━━━ Input material ━━━

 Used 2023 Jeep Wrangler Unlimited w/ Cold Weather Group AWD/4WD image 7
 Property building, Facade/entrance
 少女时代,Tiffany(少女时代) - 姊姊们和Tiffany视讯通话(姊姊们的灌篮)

━━━
━━━ Input material ━━━

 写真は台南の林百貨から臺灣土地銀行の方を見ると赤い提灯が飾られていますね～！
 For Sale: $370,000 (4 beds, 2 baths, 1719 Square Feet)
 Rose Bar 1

━━━

Task brief: Beginning with the line containing "Used 2023 Jeep" in the material above, copy every line exactly until you have copied the line containing "少女时代,Tiffany(少女时代) - 姊姊们和Tiffany视讯通话(姊姊们的灌篮)".

Exercise answer:
 Used 2023 Jeep Wrangler Unlimited w/ Cold Weather Group AWD/4WD image 7
 Property building, Facade/entrance
 少女时代,Tiffany(少女时代) - 姊姊们和Tiffany视讯通话(姊姊们的灌篮)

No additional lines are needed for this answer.